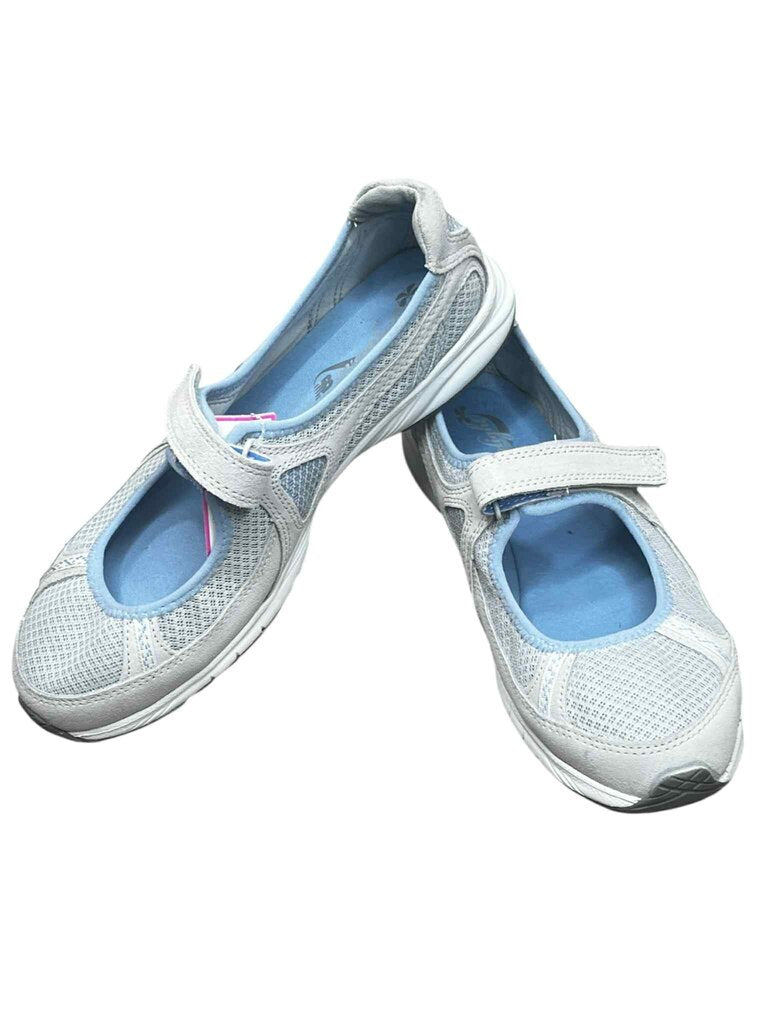 New Balance Size 8.5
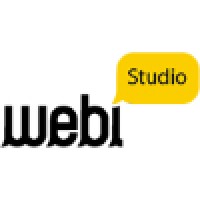 Webi Logo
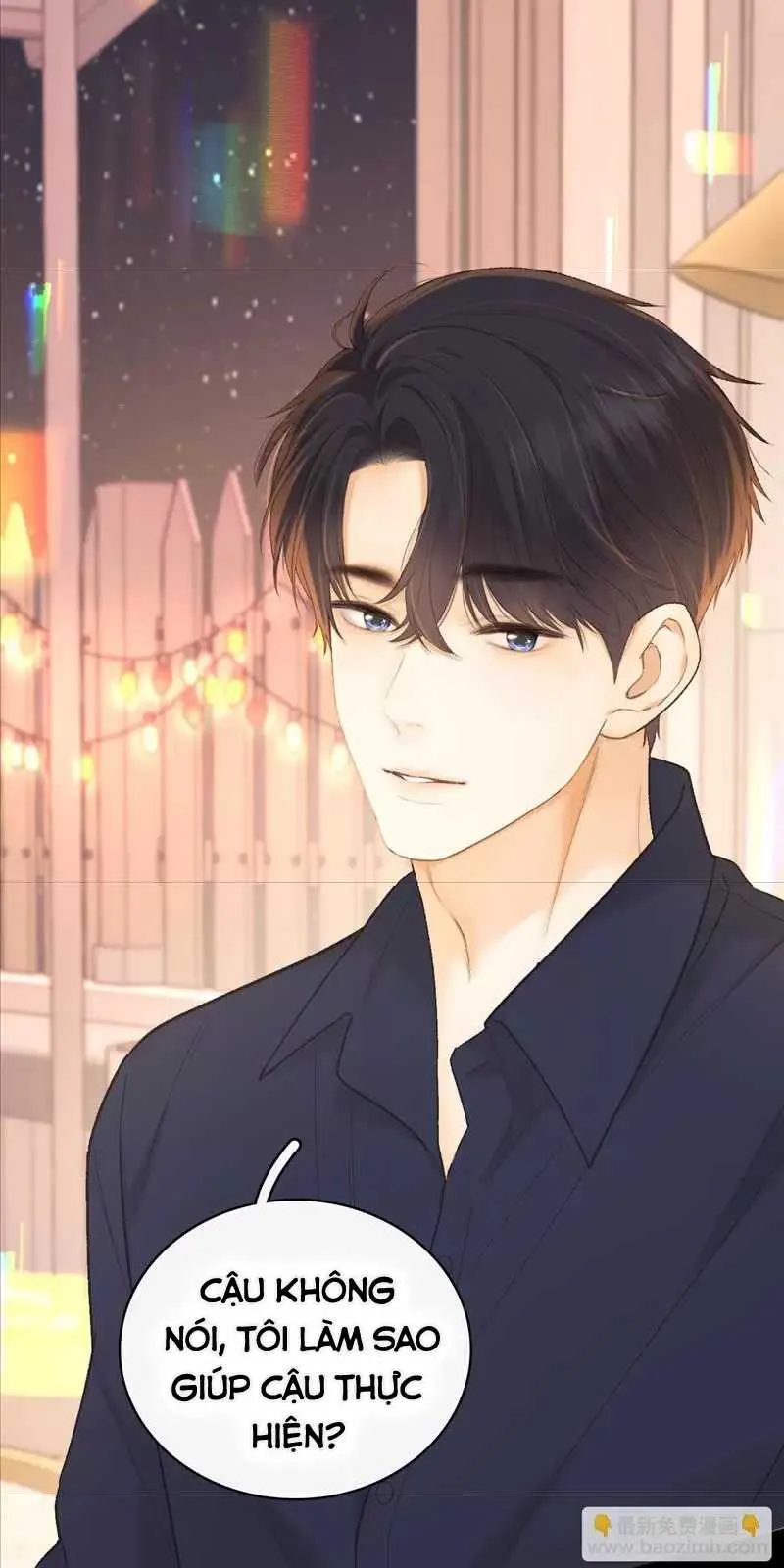 Trang 121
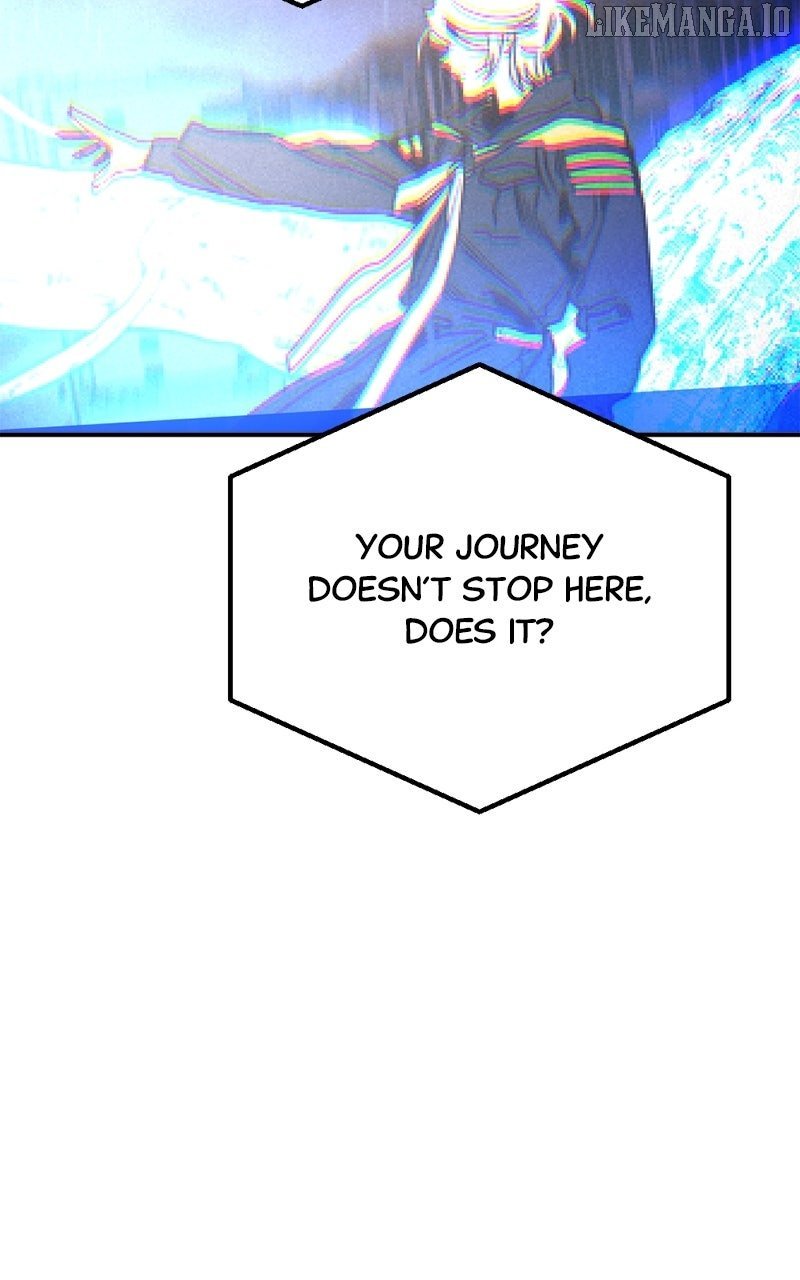 I Was Mistaken for the Villain Chapter 30 Page 70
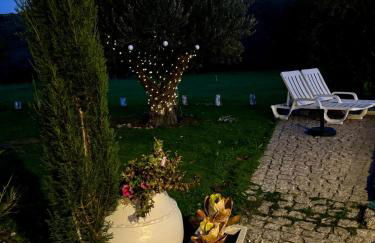 Quinta Vale da Prata - Foto 22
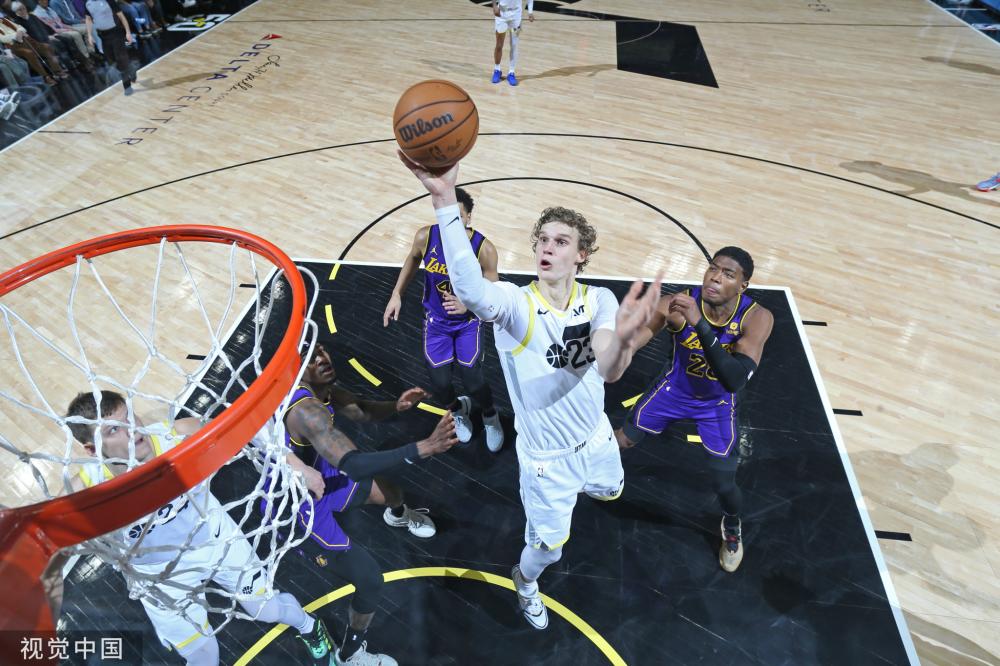 控球的模式 控球的模式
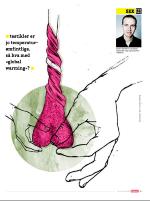 dagbladet_fredag-20090306_000_00_00_021.pdf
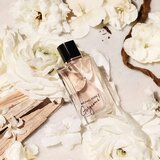 Michael Kors Gorgeous! parfumska voda za ženske 30 ml | Shoptok.si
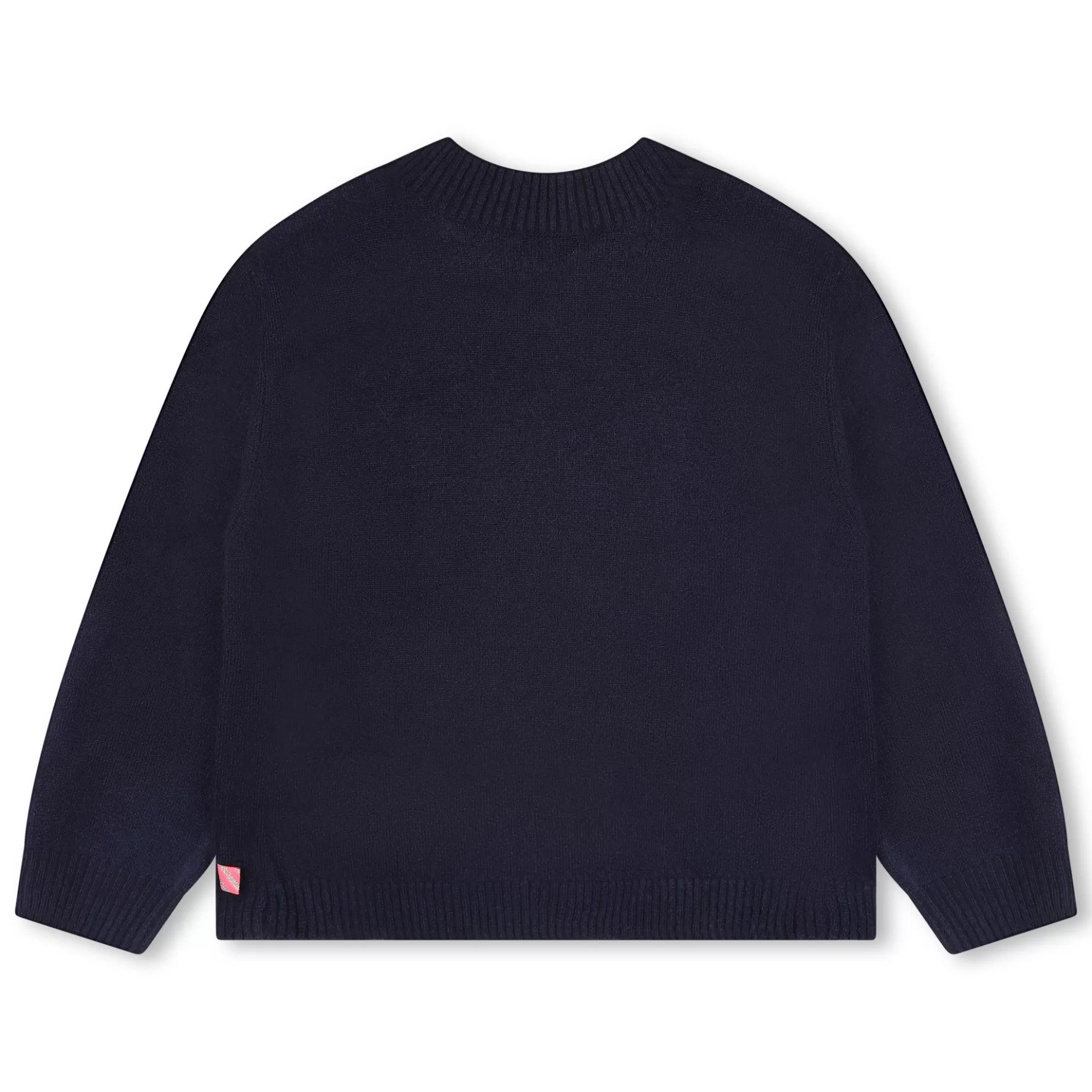 Knitted Jumper^BILLIEBLUSH New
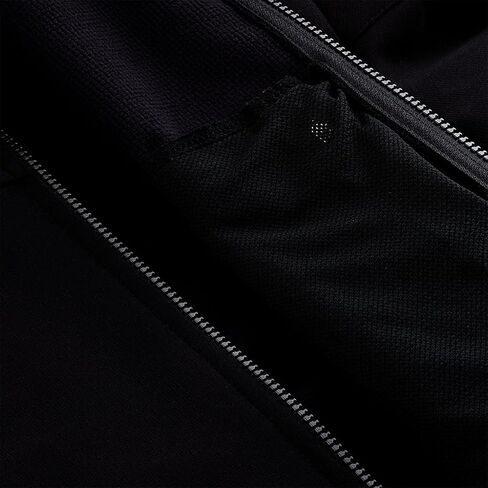 سترة بغطاء للرأس للنساء من TRUEWERK S3 Solution in Kuwait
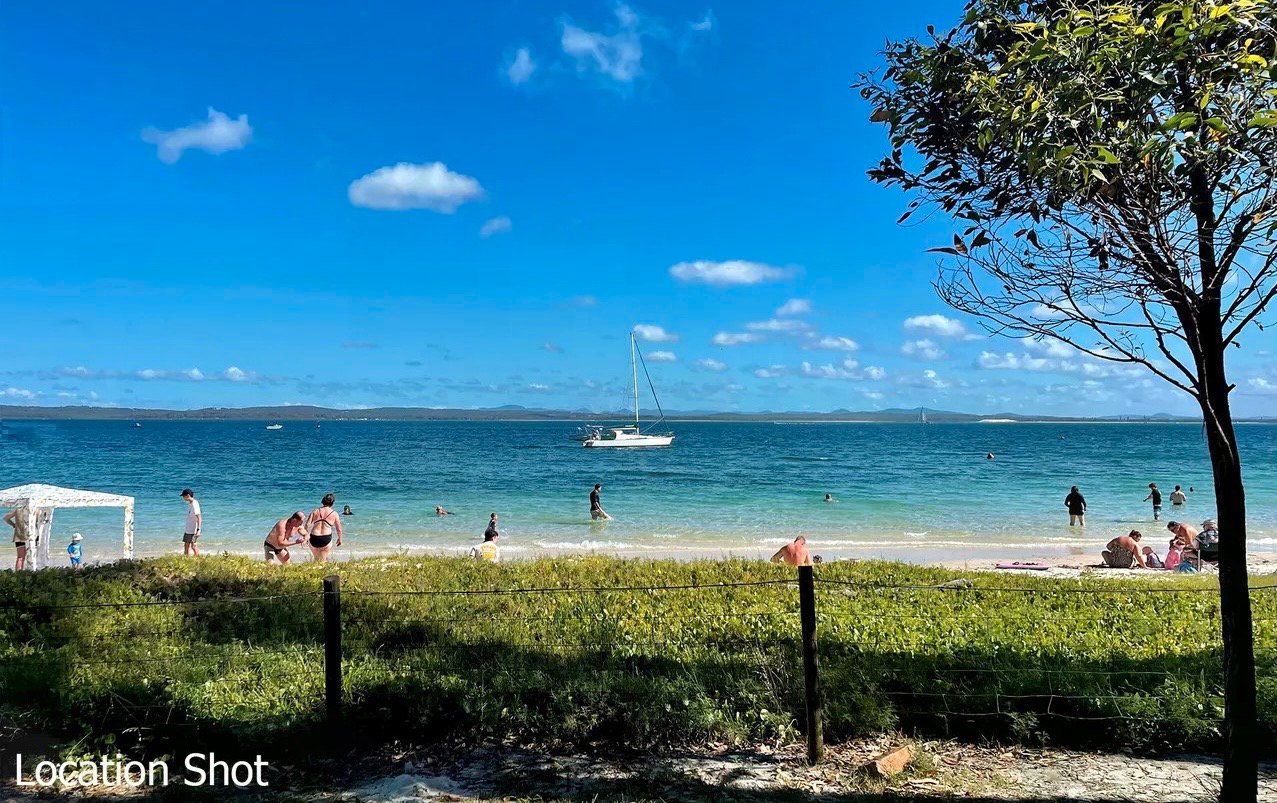 54 Government Road NELSON BAY 28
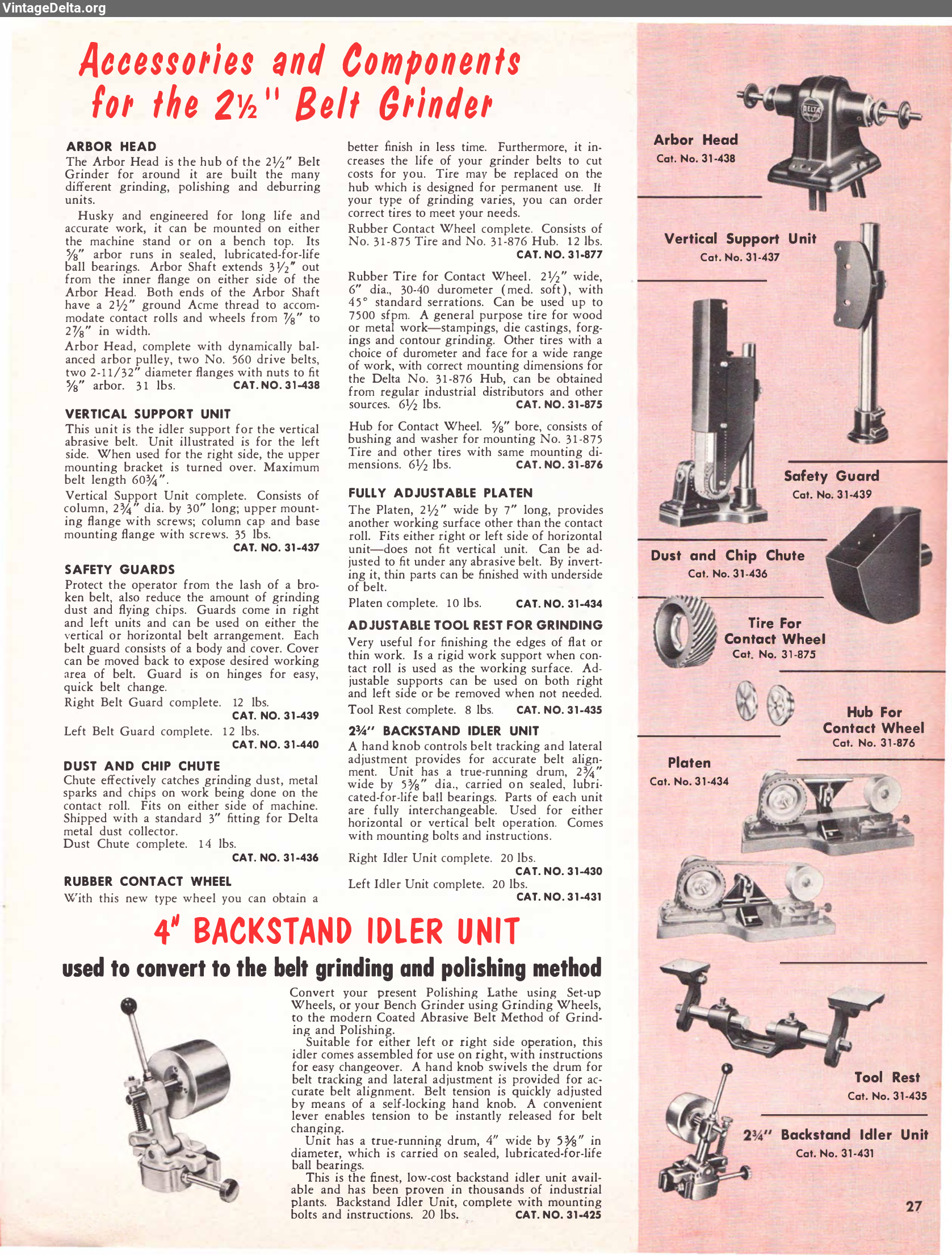 Document 20129, page 27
****************************************
#### Task requirements
Output every entry above exactly, minus the pictures.

#### Your response
 New Balance Size 8.5
 Webi Logo
 Trang 121
 I Was Mistaken for the Villain Chapter 30 Page 70
 Quinta Vale da Prata - Foto 22
 控球的模式 控球的模式
 dagbladet_fredag-20090306_000_00_00_021.pdf
 Michael Kors Gorgeous! parfumska voda za ženske 30 ml | Shoptok.si
 Knitted Jumper^BILLIEBLUSH New
 سترة بغطاء للرأس للنساء من TRUEWERK S3 Solution in Kuwait
 54 Government Road NELSON BAY 28
 Document 20129, page 27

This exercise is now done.